*What is required*:
Drop all images and give the records again exactly.

● ● ●

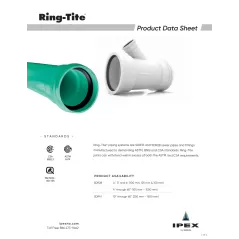 3" x 10' Green PVC Sewer Pipe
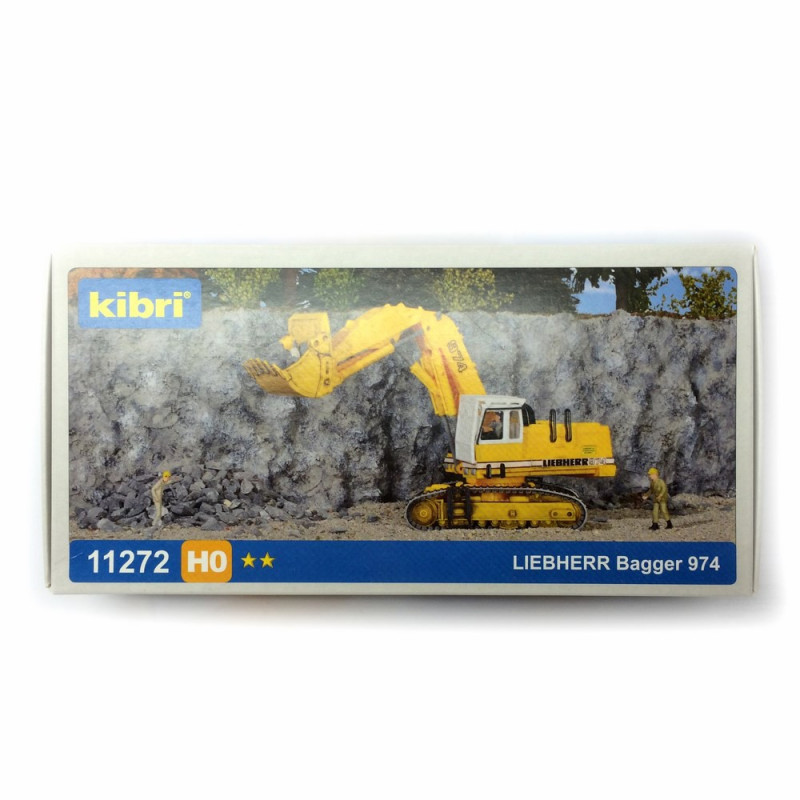 Pelleteuse Liebherr Bagger 974 -HO-1/87-KIBRI 11272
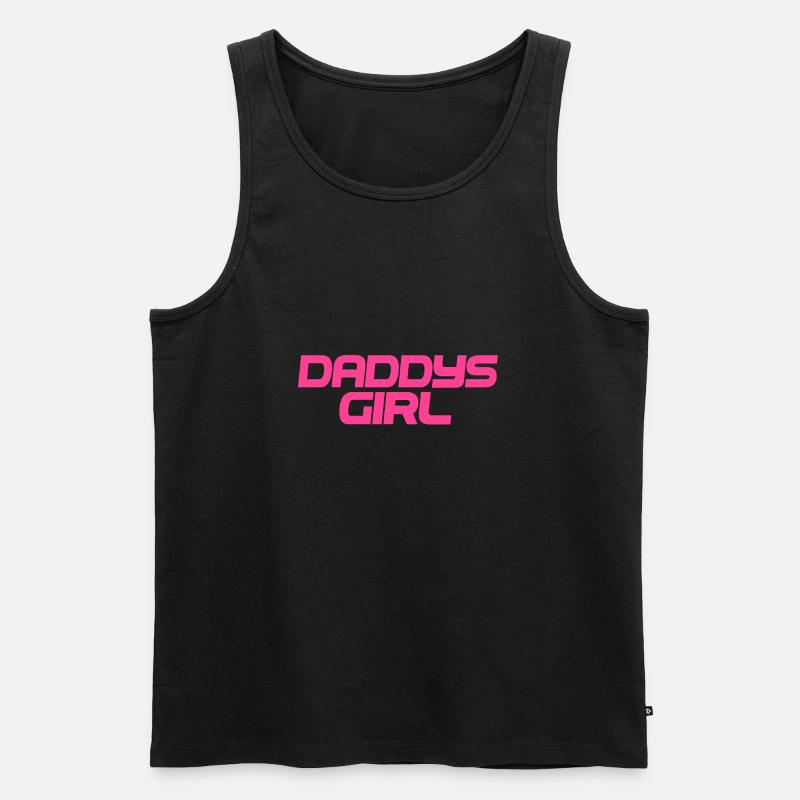 DADDYS MÄDCHEN - Männer Premium Bio Tank Top - Schwarz
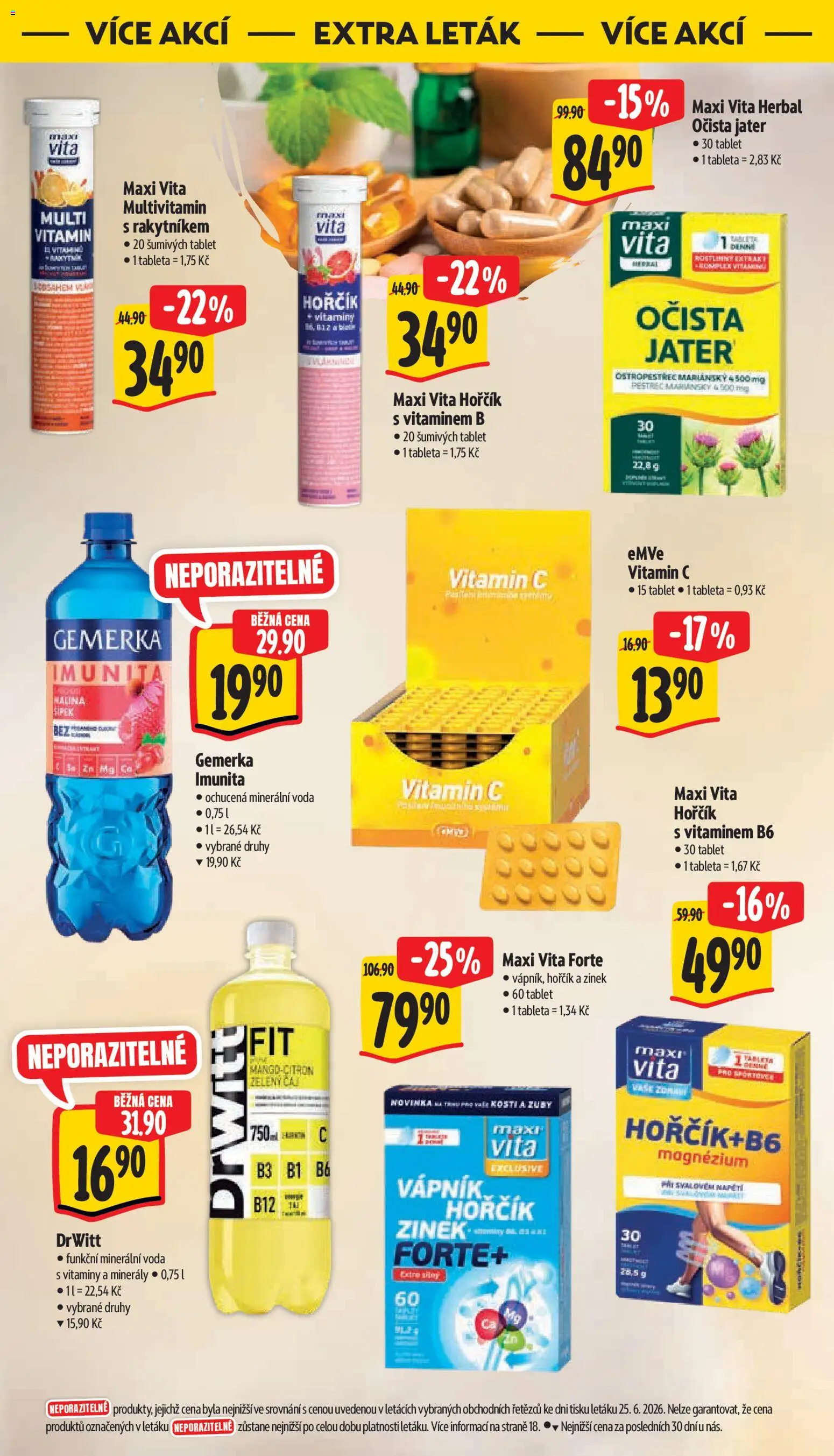Albert leták - Supermarket od 01.07.2026 | Strana: 32 | Produkty: Gemerka, Minerály, Vitamíny, Minerální voda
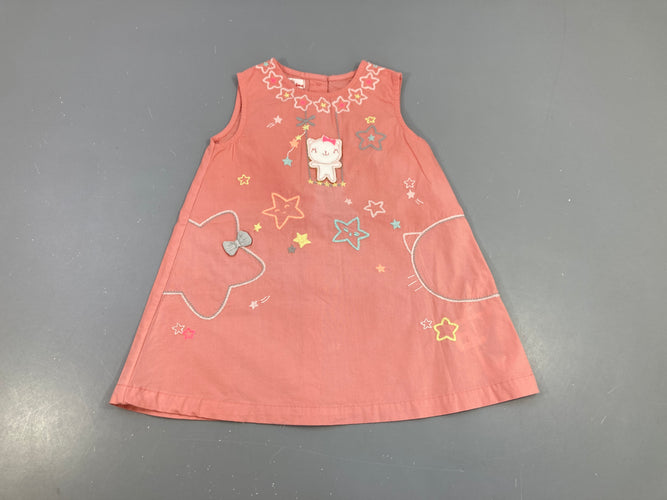 Robe s.m rose chat balançoire, moins cher chez Petit Kiwi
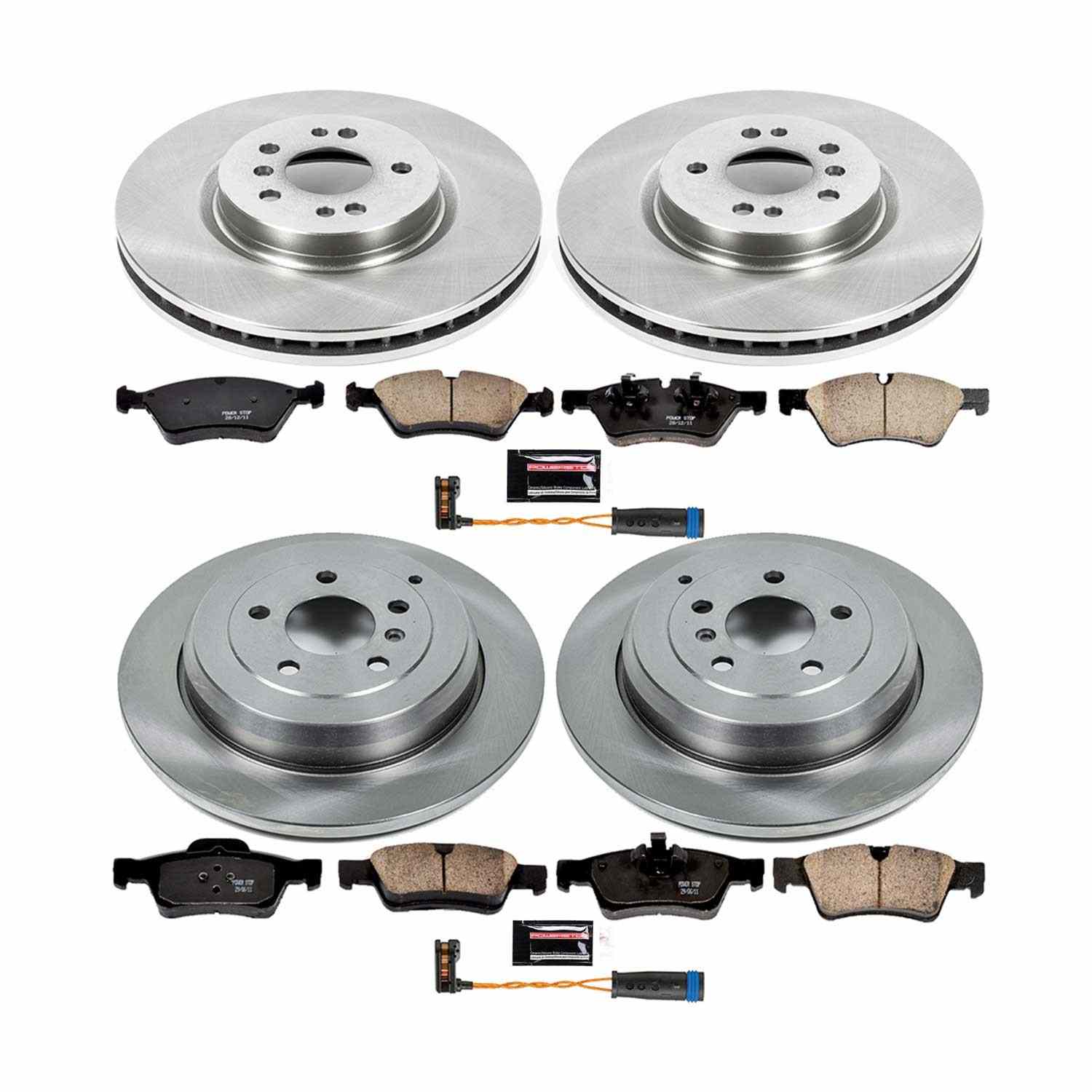 Power Stop 10-11 Mercedes-Benz ML450 Front & Rear Autospecialty Brake Kit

● ● ●

*Exercise solution*:
 3" x 10' Green PVC Sewer Pipe
 Pelleteuse Liebherr Bagger 974 -HO-1/87-KIBRI 11272
 DADDYS MÄDCHEN - Männer Premium Bio Tank Top - Schwarz
Albert leták - Supermarket od 01.07.2026 | Strana: 32 | Produkty: Gemerka, Minerály, Vitamíny, Minerální voda
 Robe s.m rose chat balançoire, moins cher chez Petit Kiwi
 Power Stop 10-11 Mercedes-Benz ML450 Front & Rear Autospecialty Brake Kit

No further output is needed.